Segundo relatos ao Valor, Guimarães chegou otimista ao dia da votação, cumpriu agendas no Planalto pela manhã e só foi ao Senado no fim da tarde, depois da Ordem do Dia. A proposta, bandeira de campanha de Luiz Inácio Lula da Silva (PT) a menos de um mês do primeiro turno, ficou para depois de 4 de outubro, sob o argumento de evitar uso eleitoral.
Oposição esvaziou o plenário
A Exame e a Agência Brasil descrevem a leitura da liderança governista: o líder Randolfe Rodrigues (PT-AP) disse a Alcolumbre que o mapa tinha no máximo 54 votos, sem segurança para os 49 necessários em dois turnos. Com o plenário esvaziado, Randolfe atribuiu a manobra a Flávio Bolsonaro (PL-RJ) e ao líder da oposição, Rogério Marinho (PL-RN).

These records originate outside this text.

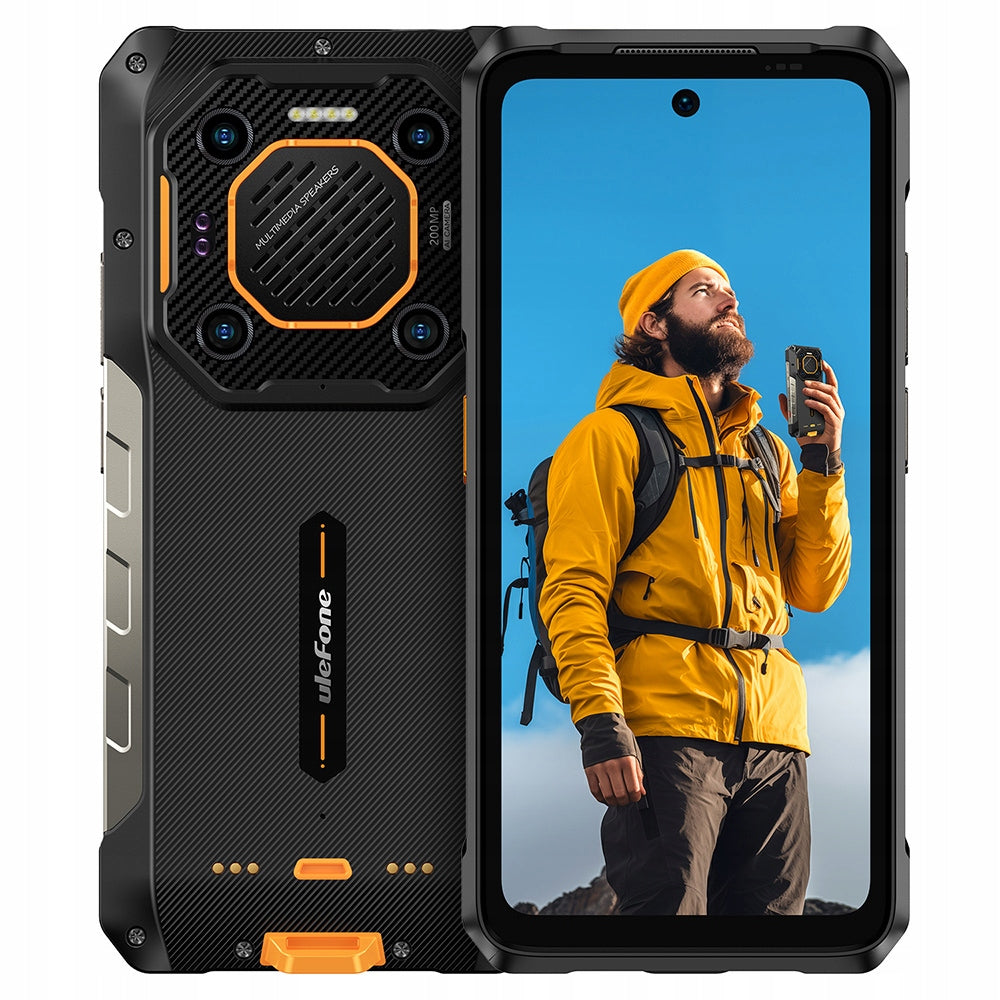 ARMORED SMARTPHONE ULEFONE ARMOR 26 ULTRA 5G 12GB/512GB 200MP EAN (GTIN) 6937748736097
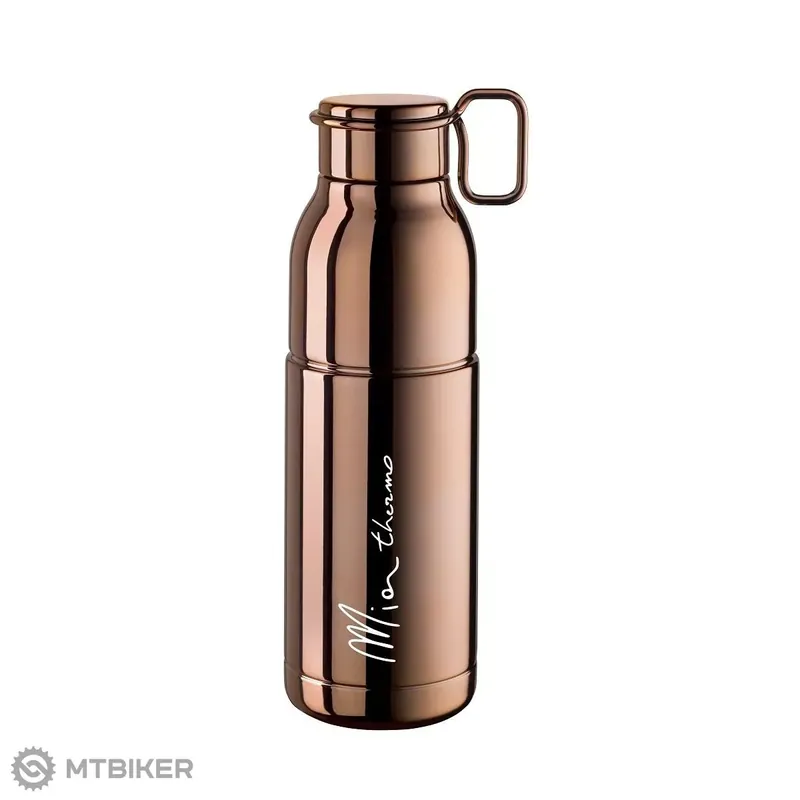 Elite MIA THERMO láhev, 550 ml, měděná Vrácení Zdarma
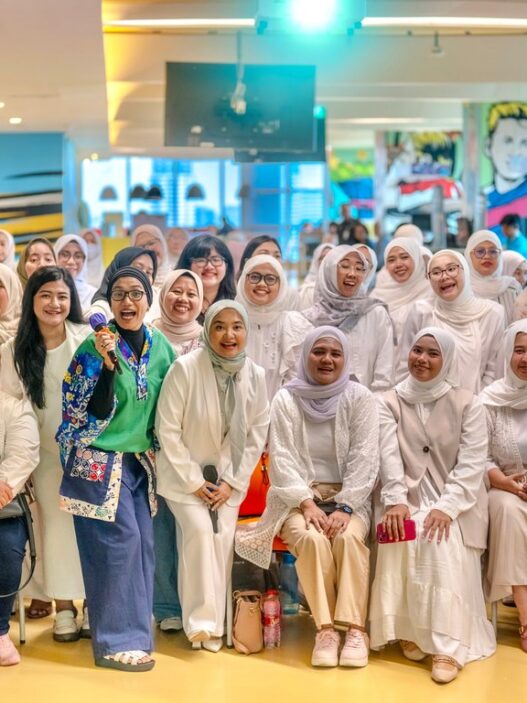 Ibu2Canggih dan Daya by Bank SMBC Indonesia Hadirkan Talkshow untuk Dorong Financial Awareness Perempuan Modern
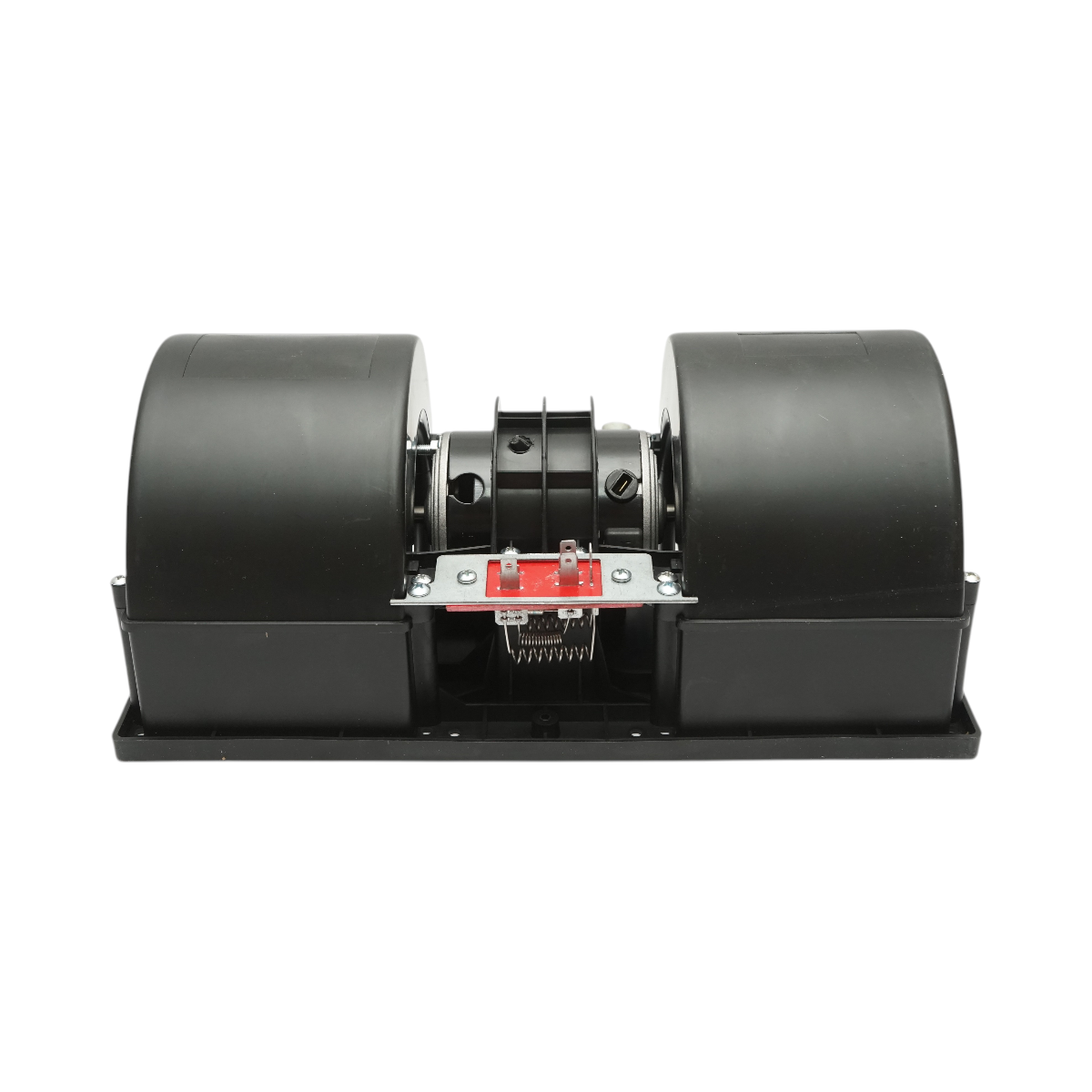 Ansamblu motor ventilator aeroterma cabina 12V New Holland, Case IH, Ford cod OEM 82022334, 82033102, 87541326, 87646727, 87651401, 87651426, 87663947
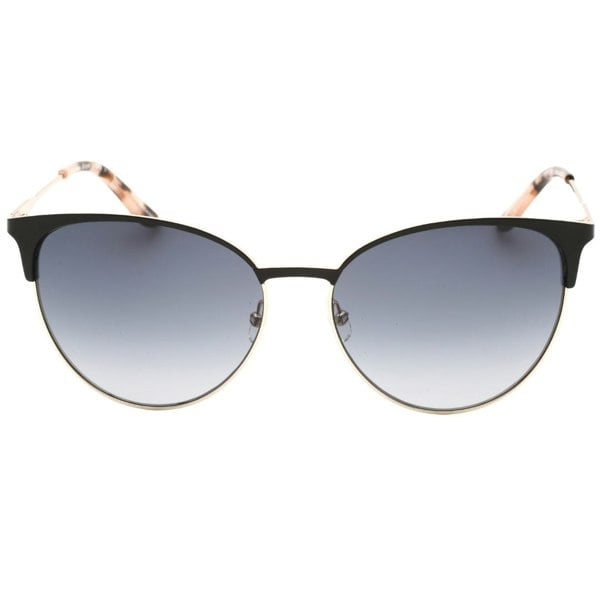 Juicy Couture Dark Grey SF Lens Matte Black Sunglasses One Size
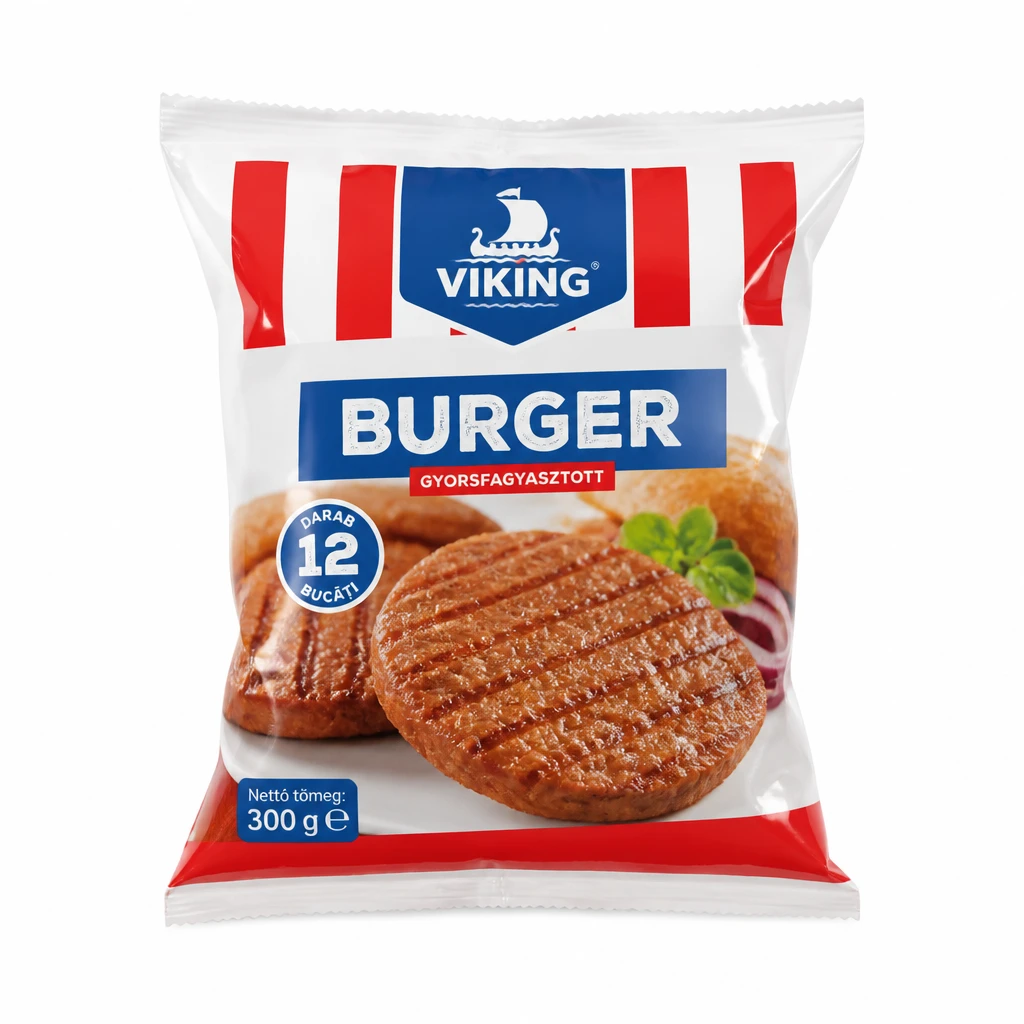 Viking burger 300 g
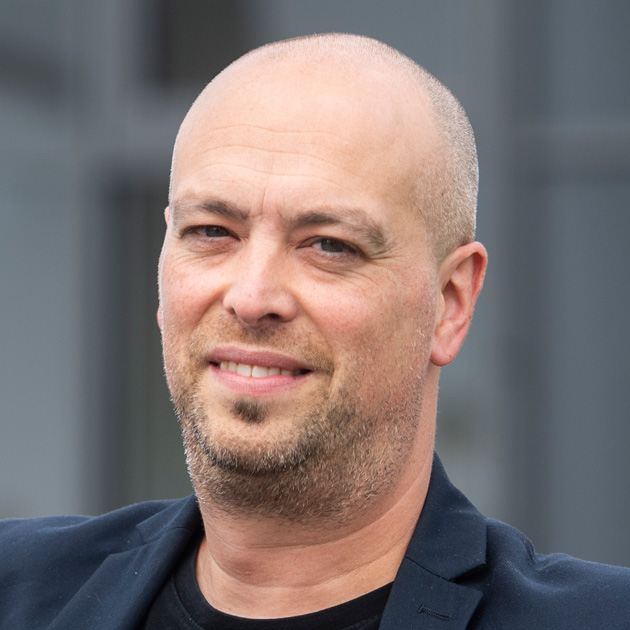 Prof. Dr. Philipp Bartholomä © FTH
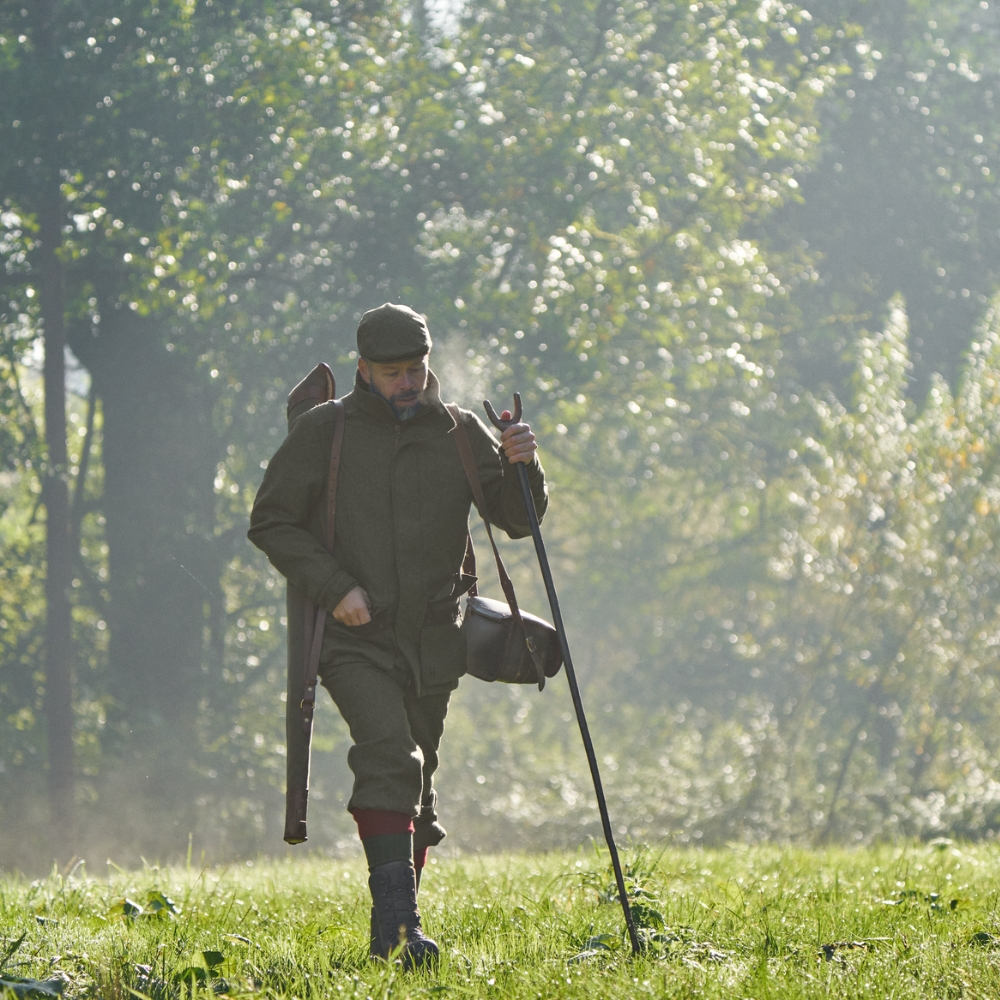 Pantalon Knickers Kenmore Forest green - H�rkila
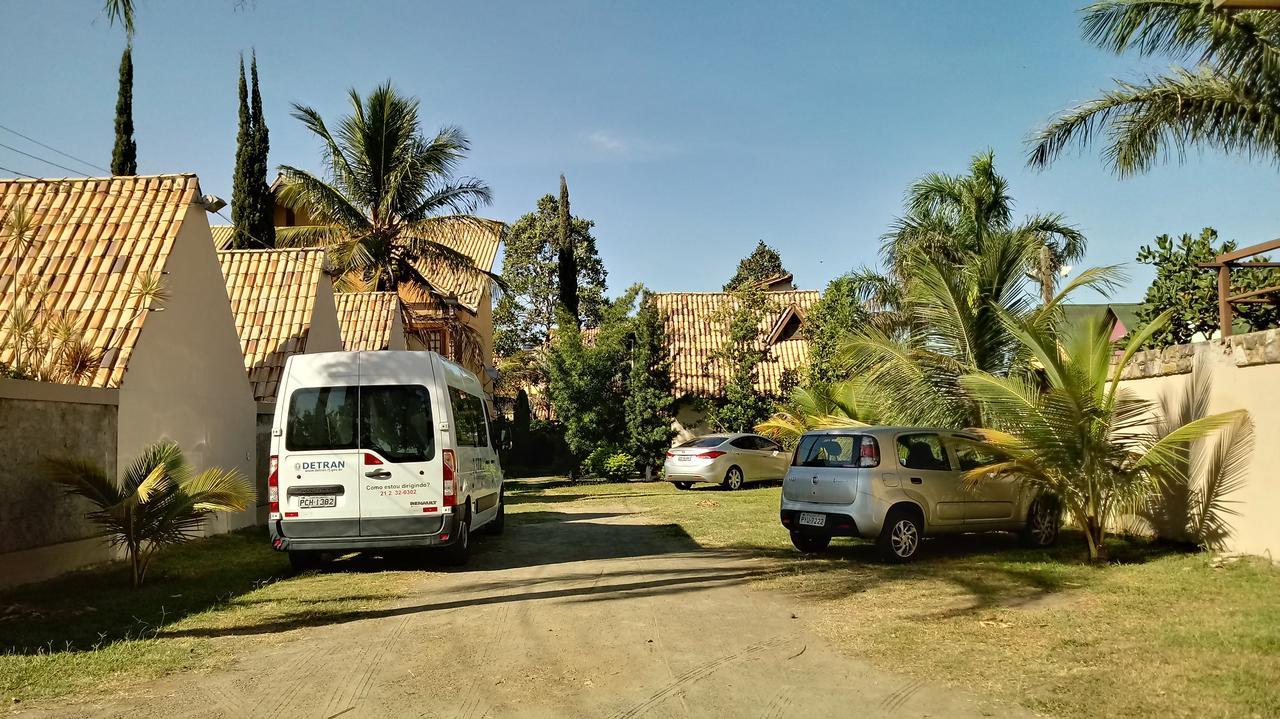 Hotel Pousada Dos Chales Campos dos Goytacazes Luaran gambar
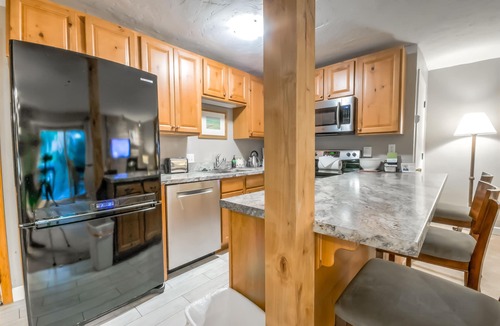 Steamboat Springs Condo | 1-Bedroom Condo w/Slope Access from Your Balcony!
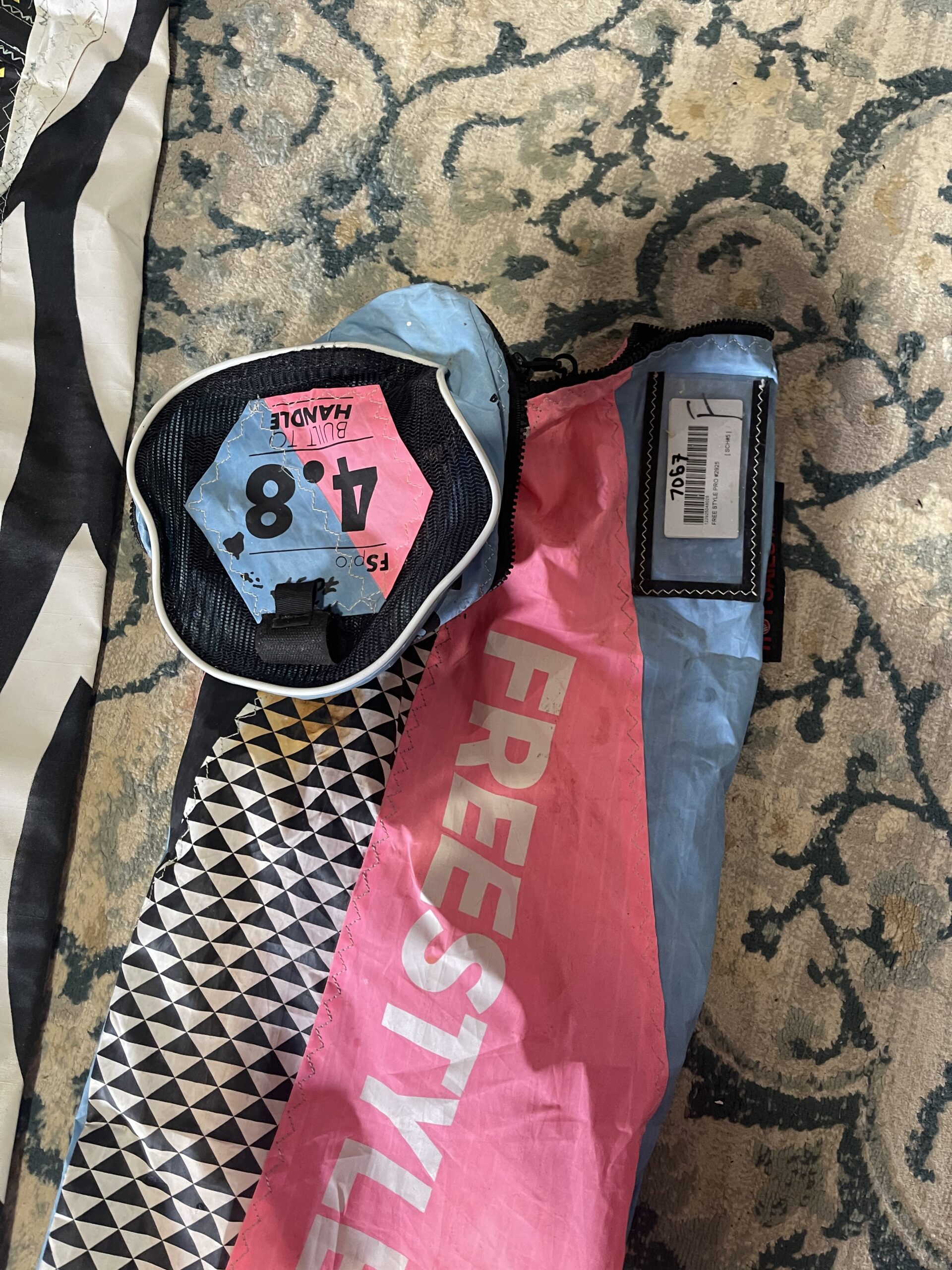 Used Freestyle Pro 4.8 #7057 - Image 7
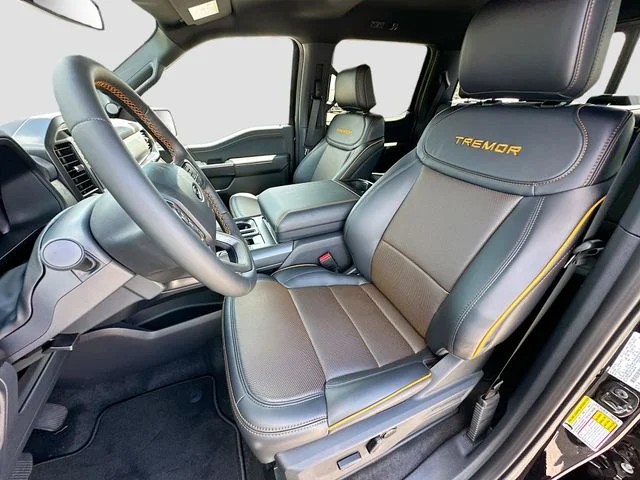 New 2026 Black Ford Tremor image 15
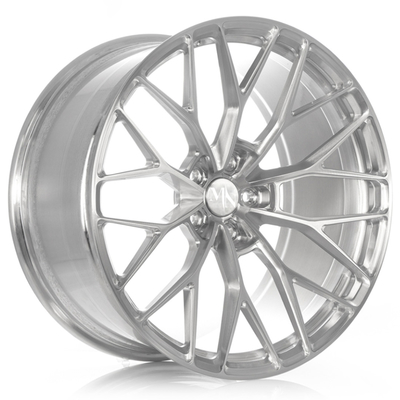 Bánh xe rèn nhẹ 16-26 inch Anrky AN10 BMW chải bạc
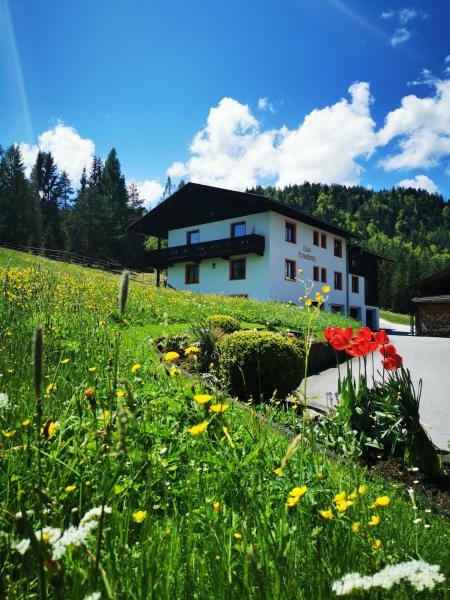 Nella foto è visibile l'oggetto Haus Gamssprung situato nella città di Unterberg.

Auxiliares admitem que a resistência da oposição era previsível e que cabia à articulação neutralizá-la antes da sessão. A PEC 6x1 era uma das três prioridades do esforço concentrado, ao lado da MP que acabou com a taxa das blusinhas (aprovada) e da PEC da Segurança Pública (travada em destaques na CCJ).
Viagens e silêncio no sábado
O Valor nota que na quinta (3) Guimarães passou o dia fora do Planalto e do Congresso, e na sexta (4) foi a agenda de campanha com Lula no Ceará. As viagens frequentes também geram ressalvas. Procurado, o ministro não se manifestou sobre as críticas. Neste sábado (5), comemorou em mensagem os avanços da semana e agradeceu Alcolumbre e Hugo Motta (Republicanos-PB) pela parceria.